Guam businessman indicted on money laundering, mail fraud and immigration violations
HAGATNA, Guam - The owner of a major Guam construction company has been charged in a 124-count indictment with a battery of federal violations for allegedly recruiting dozens of Chinese foreign nationals to come to Guam to work for his firm, then forcing them to labor long hours at substandard wages.
Steven Wang, aka Shui Cheng, 47, owner of Hua Sheng International Group, was taken into custody by federal agents Tuesday. He is charged in an indictment handed down Dec. 22, 2010, with 63 counts of harboring illegal aliens, 32 counts of money laundering, 15 counts of visa fraud and 13 counts of mail fraud. There is also an additional criminal count for using the mail in furtherance of the scheme. Wang made his initial appearance in federal court Tuesday and pleaded not guilty. He was ordered released on his own recognizance pending his trial, which is set for March 8.
The indictment is the result of a two-year investigation spearheaded by U.S. Immigration and Customs Enforcement's (ICE) Homeland Security Investigations (HSI) working in concert with the Internal Revenue Service's Criminal Investigation. The case is being prosecuted by the U.S. Attorney's Office for the Districts of Guam and the Northern Marianas Islands.
"In light of the anticipated population increase in Guam associated with the military buildup, there will be an influx in civilian and immigrant workers, including thousands of laborers who will be working on construction jobs as well as on a host of other projects," said U.S. Attorney Alicia A.G. Limtiaco. "We anticipate issues such as wage and hour and other labor-related matters, immigration, and human trafficking, including sex and labor trafficking, will increase and that is a critical concern.

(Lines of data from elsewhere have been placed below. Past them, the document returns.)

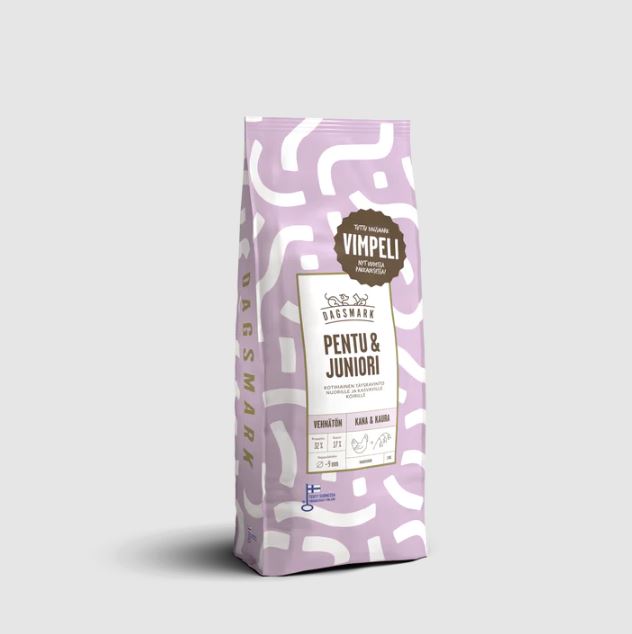 Dagsmark Pentu & Juniori koiralle 2 kg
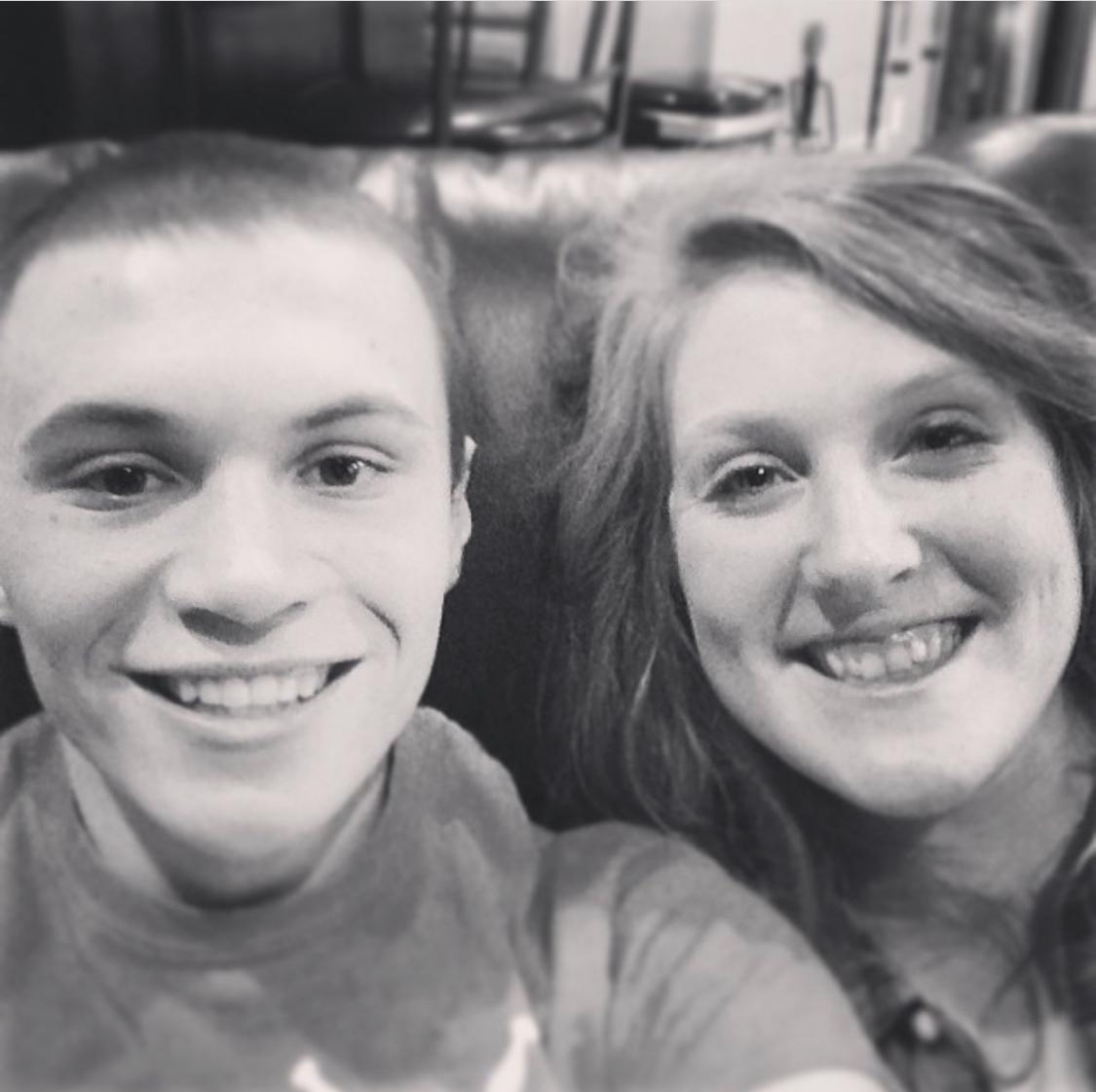 One of our first pictures together!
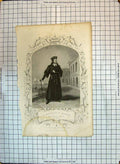 Original Old Antique Print Portrait Macready Shylock Theatre Merchant Venice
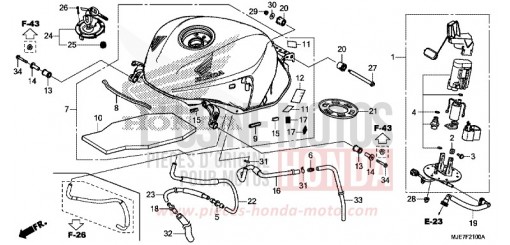 RESERVOIR A CARBURANT CBR650FAJ de 2018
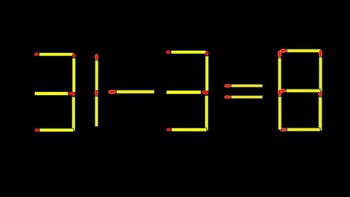 Thử tài IQ: Di chuyển một que diêm để 31-3=8 thành phép tính đúng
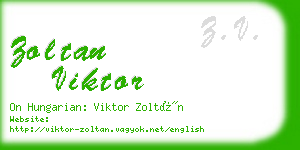 zoltan viktor business card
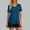 Blue, variant on Hiking Tops Women UPF 50+ Cooling Work out Shirts Women Solid Color Short Sleeve V Neck Breathable Loose Fit Light Jackets for Women for Beach and Water Sports White XXL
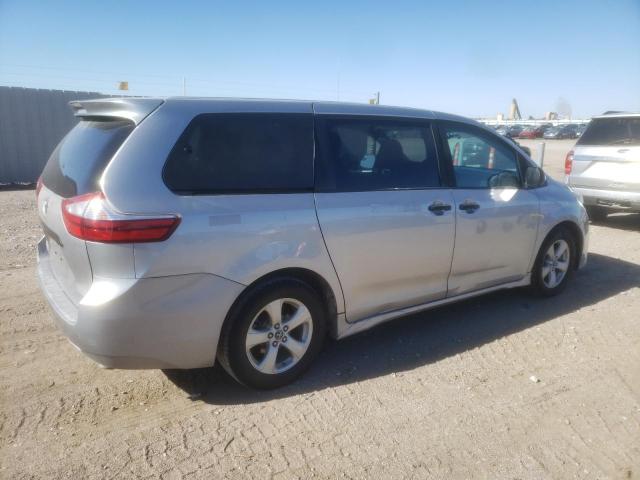 5TDZZ3DC3JS944313 - 2018 TOYOTA SIENNA L GRAY photo 3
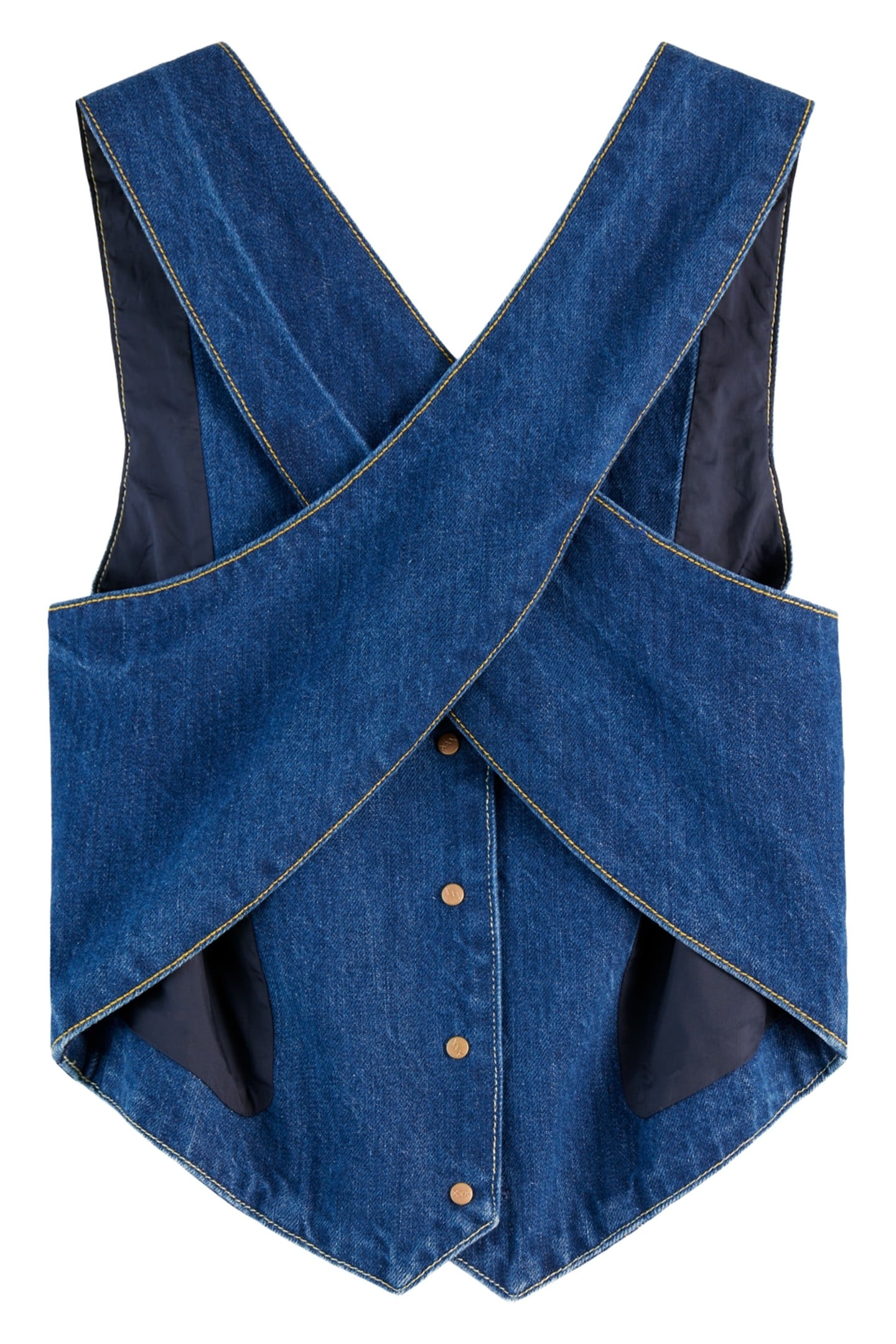 FITTED DENIM WAISTCOAT CITY FRESH 2
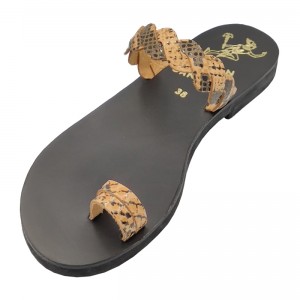 ΓΥΝΑΙΚΕΙΟ ΔΕΡΜΑΤΙΝΟ FLAT ΣΑΝΔΑΛΙ ΦΙΔΙ ΑΦΡΟΔΙΤΗ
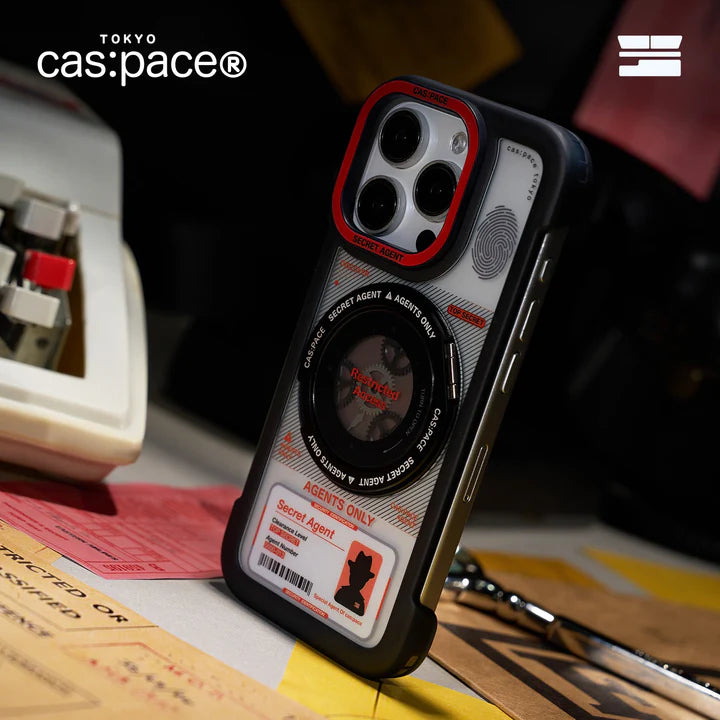 Cas:pace Secret Agent MagSafe iPhone Case | Rotatable Folding Stand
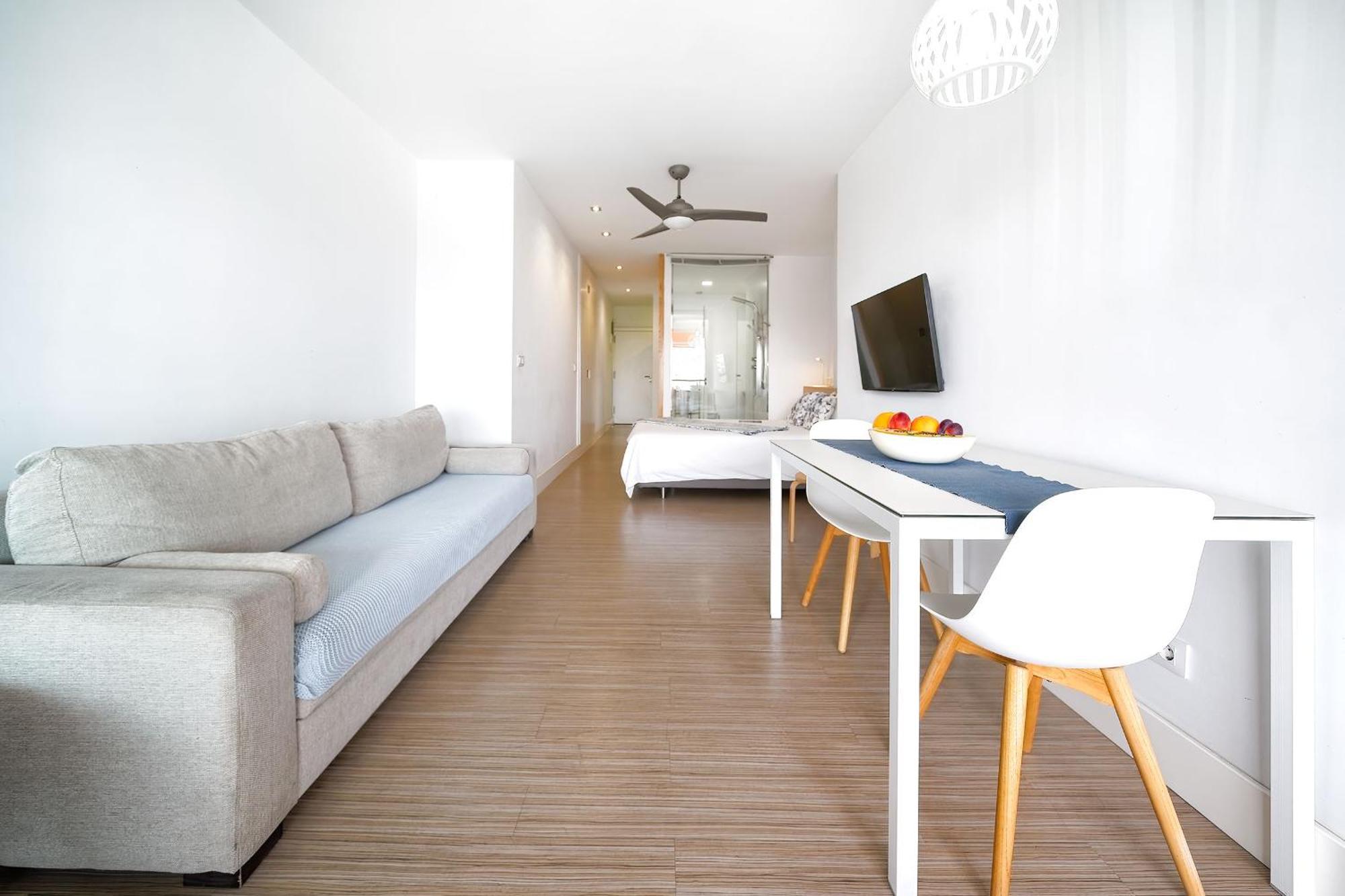 Estudio Con Terraza Vista Mar Лас-Пальмас-де-Гран-Канария Экстерьер фото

The U.S. Attorney's Office will continue to work closely with our local and federal counterparts to strengthen our response to these issues and pursue federal prosecution."
Investigators allege Wang recruited temporary foreign workers from China to come to Guam, telling them they would be paid Guam's prevailing wage, which was approximately $11 an hour. The defendant then submitted applications to the Department of Labor stating he intended to employ a certain number of aliens for specific projects and falsely representing they would be paid Guam's prevailing wage. After the foreign workers received their work visas and had arrived in Guam, Wang paid them approximately $5.50 an hour, required them to work 10-hour days, seven days a week, and illegally deducted $1,000 a month for expenses from their pay for the first 10 months after their arrival.
"As this investigation clearly shows, no business is above the law," said Wayne Wills, special agent in charge of ICE HSI in Guam. "Employers who knowingly employ unauthorized workers and engage in related crimes such as visa fraud and alien harboring need to understand there will be serious consequences for their actions. Targeting individuals and businesses that knowingly hire unauthorized workers is key to protecting jobs for Guam's lawful workforce and reducing the demand for illegal alien labor."
"The laundering of more than $1 million in allegedly illegal proceeds was sure to be uncovered by our special agents and by other law enforcement officers on Guam," said Marcus Williams, Special Agent in Charge for the Internal Revenue Service Criminal Investigation in Seattle that oversees the agency's investigative activities in Guam and the CNMI. "Special agents from IRS Criminal Investigation follow the money trail, which helps establish what financial crimes were committed, by whom and where the money ended up. These same agents often assist with the forfeiture of ill-gotten gains, or in other words, they take the profit out of crime."
Authorities say the Guam Department of Labor also provided substantial assistance with the investigation.